All-Grade office net absorption in Tokyo surged to 75,100 tsubo in Q4 2015 compared to new supply of 33,800 tsubo. The vacancy rate consequently fell by 0.6 points q-o-q to 3.0%, the twelfth consecutive quarterly decrease. Net absorption for 2015 as a whole was 220,000 tsubo, around 40,000 tsubo higher than the 180,000 tsubo average recorded over the past ten years.
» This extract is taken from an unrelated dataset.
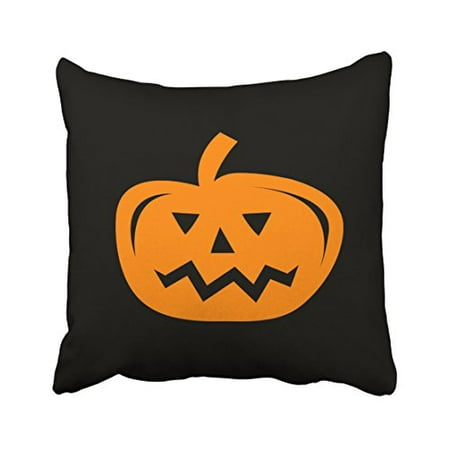 WinHome Retro Black And Orange Halloween Simple Pumpkin Pattern Polyester 18 x 18 Inch Square Throw Pillow Covers With Hidden Zipper Home Sofa Cushion Decorative Pillowcases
One reason for the large take-up this quarter is partly due to seasonality, as some companies tend to aim to move at the end of the fiscal year in March. With vacant space gradually dwindling, especially in new buildings, an increasing number of companies that had been unable to decide where to move, finally signed leases. This trend was seen in a wide variety of companies. In the Marunouchi/Otemachi area, the vacancy rate rose 1.5 points to 2.4%, as a new building was completed with space still available. However, vacancy rates declined in all other areas and the tight balance of supply and demandbecame more widespread.

TOKYO GRADE A

VACANCY RATE FALLS BELOW 4.0% FOR FIRST TIME SINCE Q3 2008.
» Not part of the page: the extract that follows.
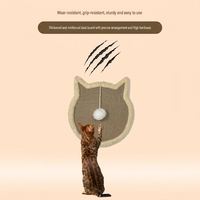 Tapis à gratter pour chat en sisal naturel, écologique et sûr, en forme de tête de chat ou de poisson, avec jouet suspendu et boule, à fixer au mur pour chaton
In Q4 2015 large spaces were let in new buildings that still had space available. The Tokyo Grade A office vacancy rate declined by 1.2 points q-o-q to 3.3%. Net absorption in 2015 as a whole fell by around 10% y-o-y to 117,300 tsubo, but this was above the ten-year average of 79,000 tsubo. In the Yaesu/Nihonbashi area, a significant volume of vacant space was let in a new building to accommodate demand from a tenant relocating during the rebuilding of its head office. In the Toranomon/Shiodome area, vacant space was filled in existing buildings by companies aiming to upgrade their location. In the arunouchi/Otemachi area, the vacancy rate rose 3.0 points to 3.2% as a new building was completed with space still available. However, it is unlikely that it will take long to let the space available in this building, as tenants have accelerated their decision making ahead of the fiscal year-end in March. Grade A assumed achievable rents rose by 1.8% q-o-q to JPY 34,450 per tsubo in Q4 2015. In the previous quarter, increases seemed to be subdued, at +0.7%, but they have picked up again, mainly in buildings in the areas where occupancy has improved.

TOKYO GRADE A-MINUS NEW SUPPLY FULLY LET UPON COMPLETION AS GROUP COMPANIES MOVE TO A SINGLE LOCATION

This quarter saw no shortage of enquiries for large spaces in Grade A-Minus buildings. Despite new supply of 15,600 tsubo, the largest since Q3 2014, the vacancy rate in Q4 2015 declined by 0.2
points q-o-q to 2.6%. Of the new buildings completed in Q4 2015, those located in the Shinagawa/Tamachi and other surrounding areas were fully let due to several cases of space consolidations. Some existing buildings managed to let comparatively large amounts of vacant space in this quarter alone by lowering rents slightly, but demand is strong for Grade A-Minus offices overall. Tenants signing new leases included companies with head offices in suburban areas relocating some departments to larger offices in central Tokyo.

TOKYO GRADE B

SPACE LET IN NEW BUILDINGS; VACANCY RATE FALLS TO 3.2%

There was new Grade B supply for the first time in three quarters. However, net absorption surged from 1,300 tsubo in Q3 2015 to 12,700 tsubo, and the vacancy rate fell by 0.7 points q-o-q to 3.2%. One new building was completed in the Yaesu/ Nihonbashi area during the quarter. Although it was completed without being fully let, it is attracting plenty of enquiries as it provides much sought after space close to Tokyo Station. It is therefore not expected to take long for it to be fully let. Meanwhile, a number of buildings completed in Q3 2015 or earlier that still had space available managed to let a lot of space by lowering rents to market levels.